Let $A$ and $B$ be two given sets. The intersection is the set:$A\cap B=\{x:x\in A\wedge x\in B\}$

Union

The union of sets $A$ and $B$ is the set:$A\cup B=\{x:x\in A\vee x\in B\}$

Disjoint Union

The disjoint union of $A$ and $B$ is the set:$A\bigsqcup B=\{(x,a):x\in A\}\cup \{(y,b):y\in B\}$

Difference

The difference of $A$ from $B$ is the set $A\setminus B=\{x:x\in A\wedge x\notin B\}$In the circumstance that sets are considered within a fixed set $X$, for any subset $A$ of $X$ we write $X\setminus A$ as $A^c$ and call it the complement of $A$ in $X$.

Proposition

Let $A$, $B$, $C$ and $B_i(i\in I)$ be sets. The following properties hold:

• Commutativity: $A\cap B=B\cap A$, $A\cup B=B\cup A$.
• Associativity: $(A\cap B)\cap C=A\cap (B\cap C)$, $(A\cap B)\cap C=A\cap (B\cap C)$.
• Distributivity: $A\cap \left({\bigcup }_{i\in I}{B}_i\right)={\bigcup }_{i\in I}(A\cap B_i)$, $A\cup \left({\bigcap }_{i\in I}{B}_i\right)={\bigcap }_{i\in I}(A\cup B_i)$.
• de Morgan’s laws: ${\left({\bigcap }_{i\in I}{B}_i\right)}^c={\bigcup }_{i\in I}{B}_i^c$, ${\left({\bigcup }_{i\in I}{B}_i\right)}^c={\bigcap }_{i\in I}{B}_i^c$.

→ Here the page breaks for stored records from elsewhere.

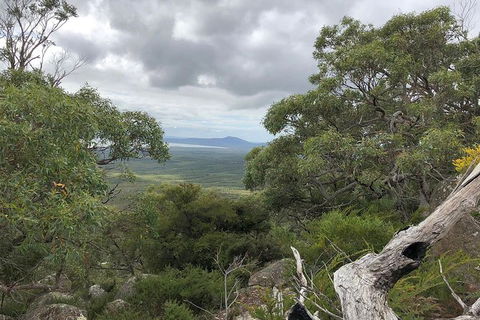 Wilsons Promontory Walking And Sightseeing Tour From Phillip Island - Attractions Melbourne 13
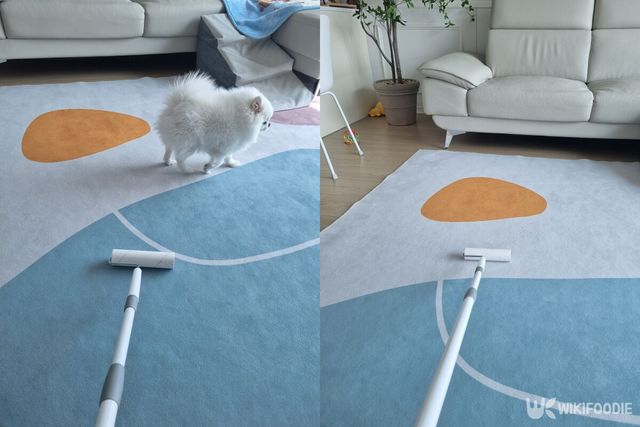 직접 구입한 돌돌이 사선컷팅 클리너 자료사진. / 위키푸디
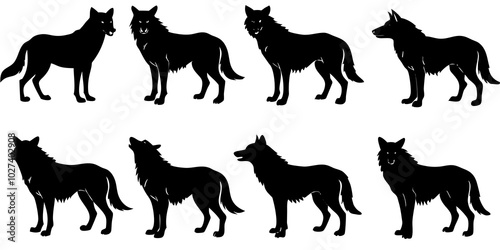  Set of wolf silhouette. wolfs black and white. wolf, dog, silhouette, wolf silhouette, wild, wolfs, jungle wolf, black wolf, retro wolf, wolf black design, wolf colony, wolf poses, wolf in jungle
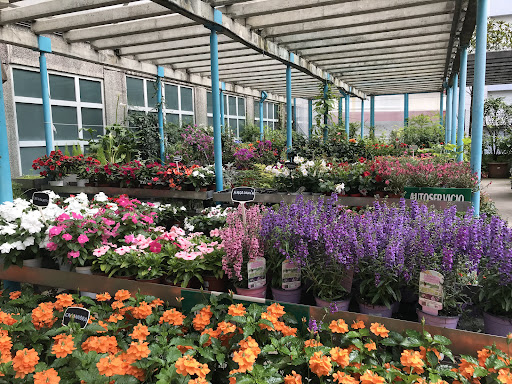 Rebolledo Floristería y Centro de Jardinería en Santander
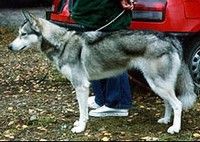 Photo of Arctic Soul Easy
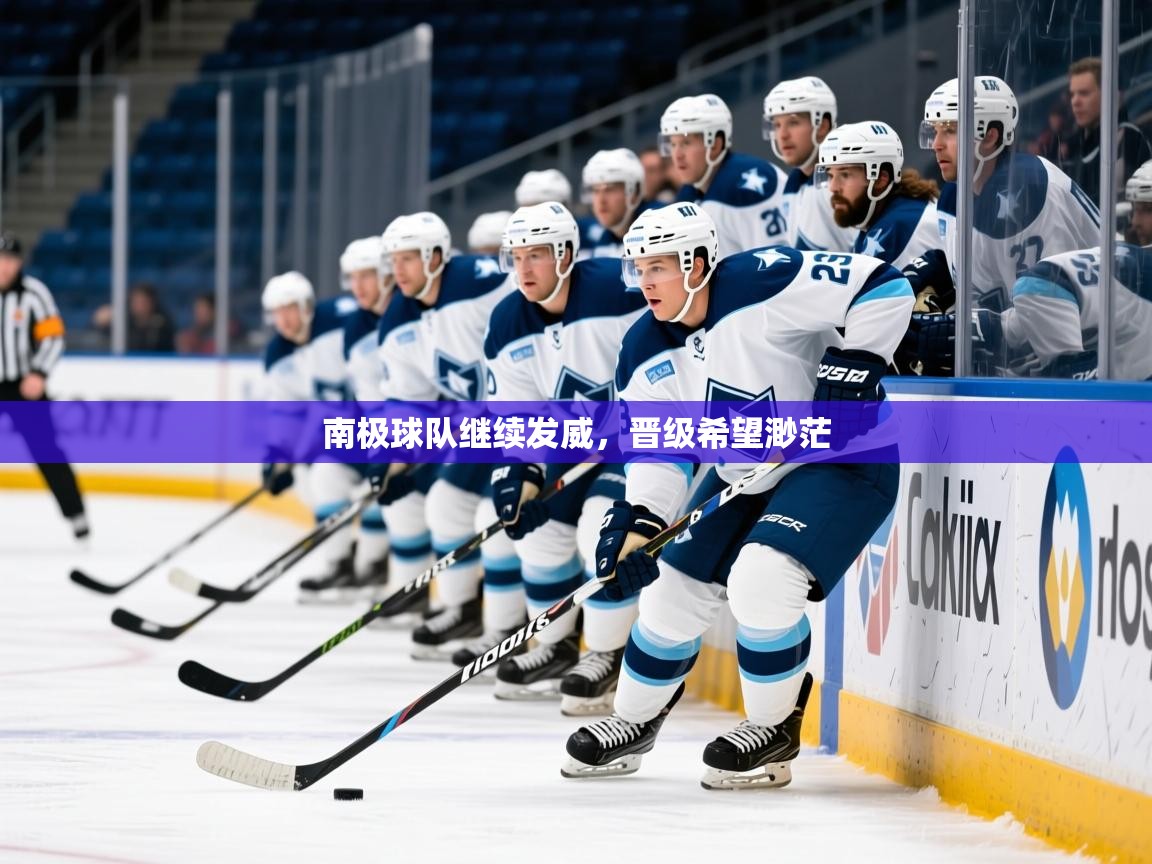 2025九游娱乐体育南极球队继续发威，晋级希望渺茫  第3张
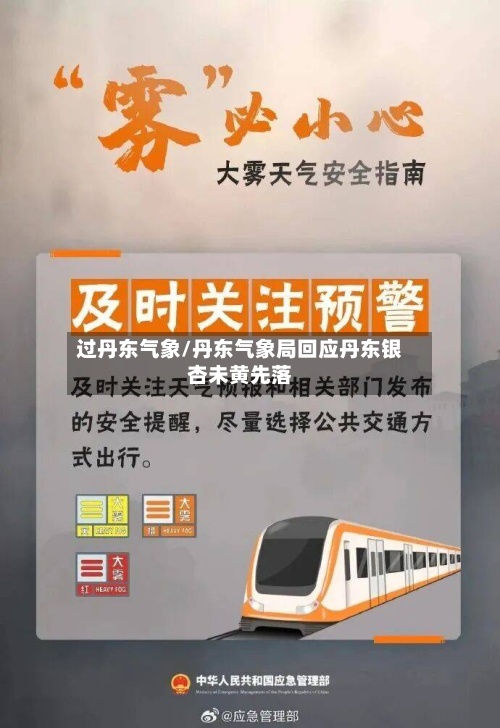 过丹东气象/丹东气象局回应丹东银杏未黄先落-第3张图片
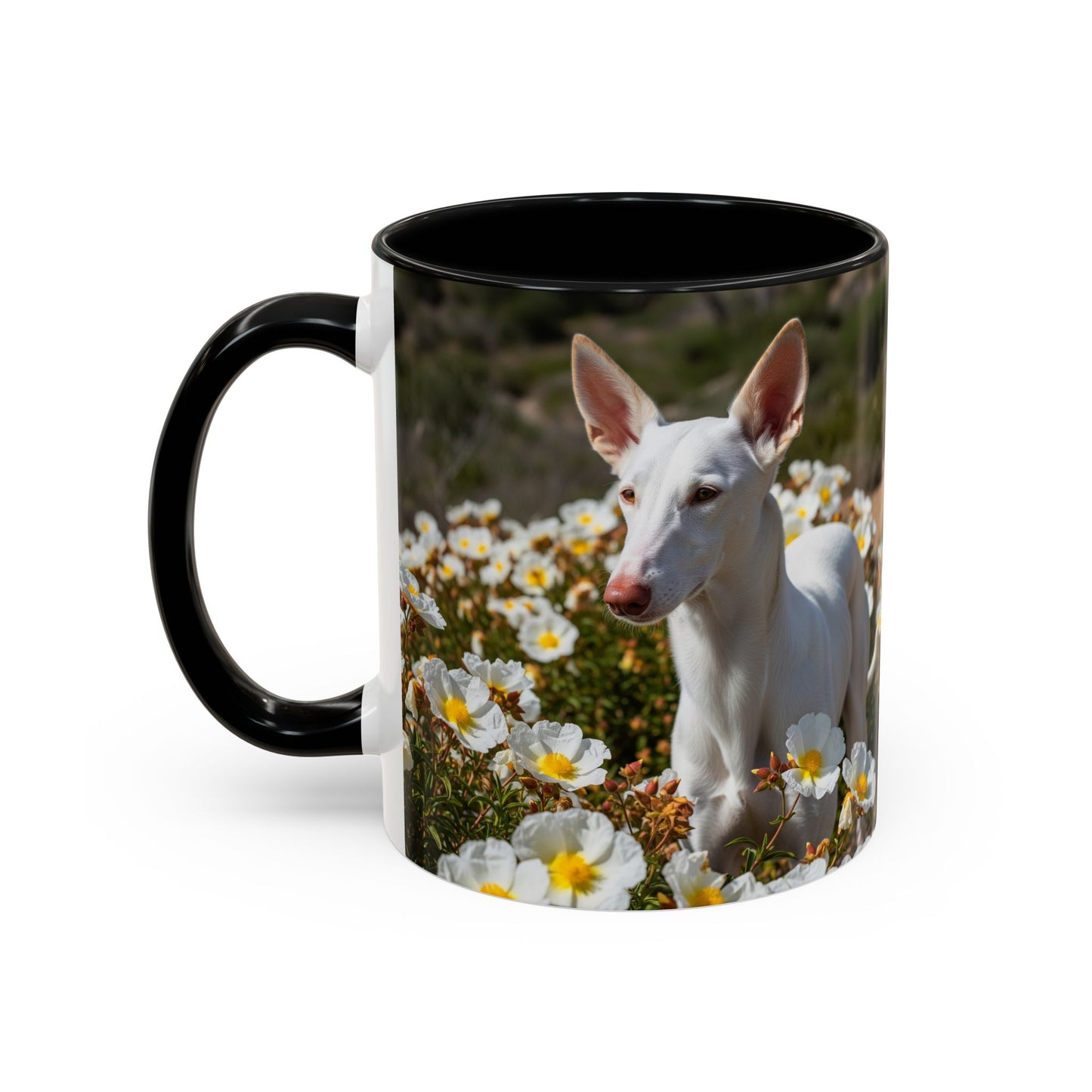 Ibizan Hound Accent Coffee Mug - Perfect Gift for Dog Lovers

Proof These are direct consequences of the arithmetic of logical connectives. $\square$

Cartesian Product

Cartesian Product

Let $X_1,\dots ,X_n$ be sets. The set$\{(x_1,x_2,\dots ,x_n):x_1\in X_1,\dots ,x_n\in X_n\}$is called the Cartesian product of $X_1,\dots ,X_n$ and is written as$X_1\times \cdots \times X_n\text{or}{\prod }_{i=1}^n{X}_i$where each $(x_1,\dots ,x_n)$ is an ordered $n$-tuple and the $x_i$ is called the $i$-th coordinate.